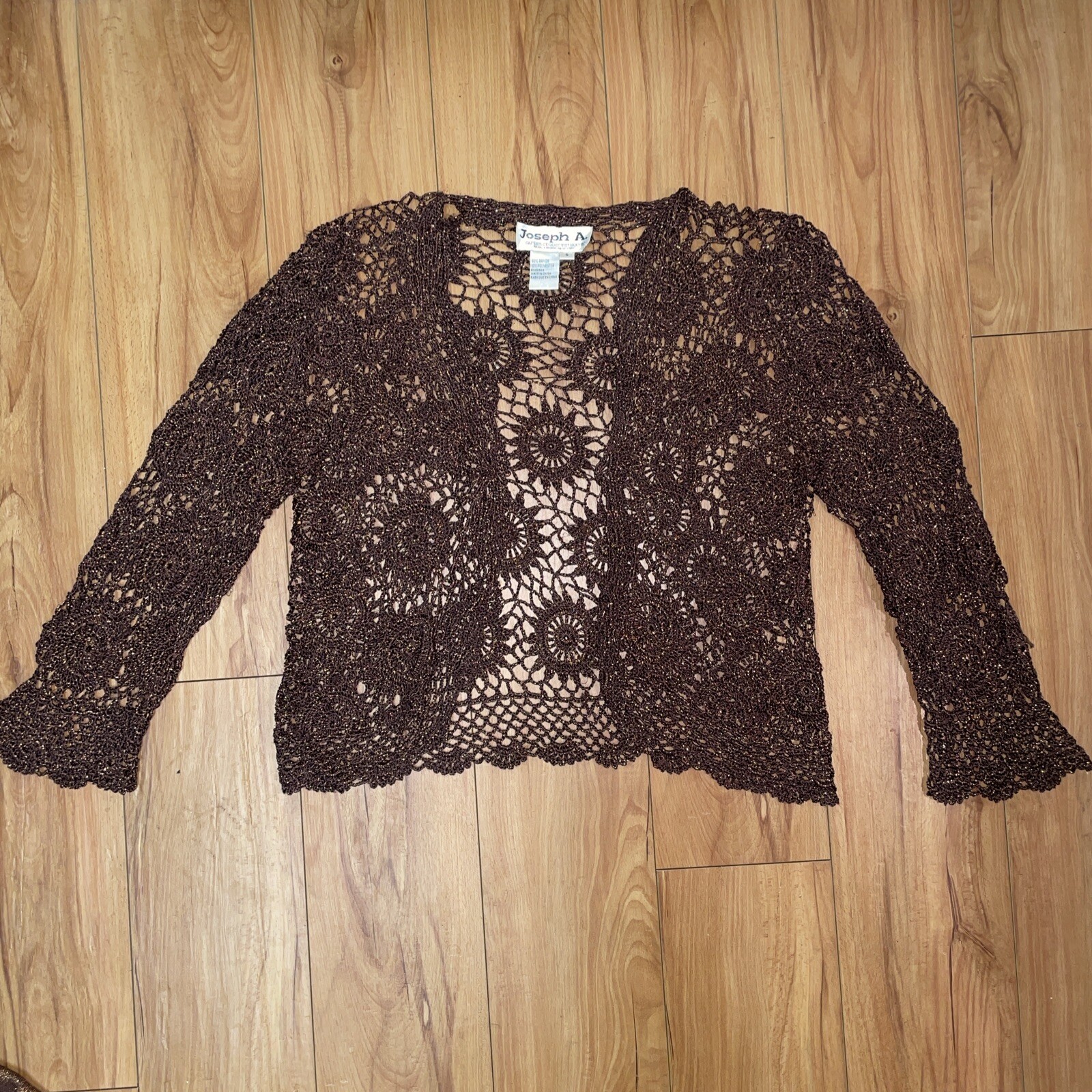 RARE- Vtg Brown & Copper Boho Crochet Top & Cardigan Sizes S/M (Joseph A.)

--

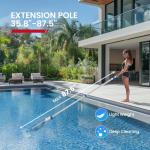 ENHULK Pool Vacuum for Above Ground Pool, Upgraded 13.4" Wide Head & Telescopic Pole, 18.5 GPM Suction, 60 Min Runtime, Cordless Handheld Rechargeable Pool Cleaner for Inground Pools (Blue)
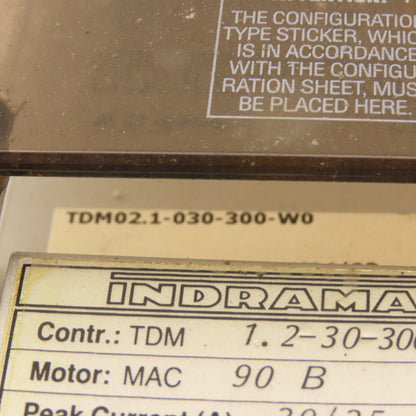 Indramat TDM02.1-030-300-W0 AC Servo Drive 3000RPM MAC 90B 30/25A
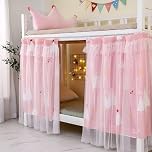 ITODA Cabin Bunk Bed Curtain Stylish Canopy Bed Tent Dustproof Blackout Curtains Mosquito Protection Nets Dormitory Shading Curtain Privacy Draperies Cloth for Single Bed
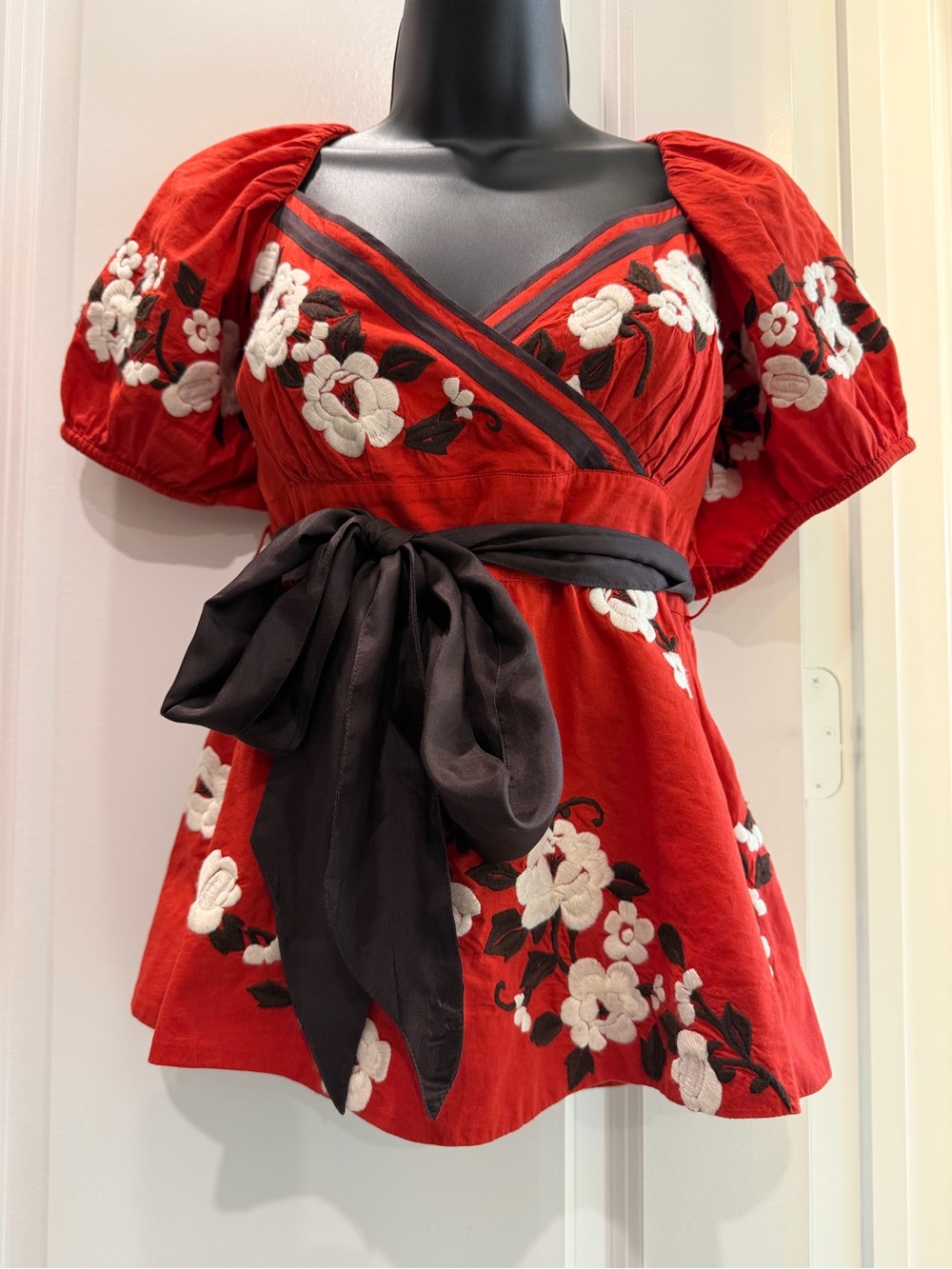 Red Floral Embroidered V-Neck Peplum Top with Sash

--

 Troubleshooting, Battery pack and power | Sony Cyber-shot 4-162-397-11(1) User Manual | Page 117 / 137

◆ ASSIGNMENT
Each line above that falls between the line with "ITODA Cabin Bunk" and the line with "Red Floral Embroidered" should be printed exactly, together with those two lines, but the pictures should not.

◆ SOLUTION
 ITODA Cabin Bunk Bed Curtain Stylish Canopy Bed Tent Dustproof Blackout Curtains Mosquito Protection Nets Dormitory Shading Curtain Privacy Draperies Cloth for Single Bed
 Red Floral Embroidered V-Neck Peplum Top with Sash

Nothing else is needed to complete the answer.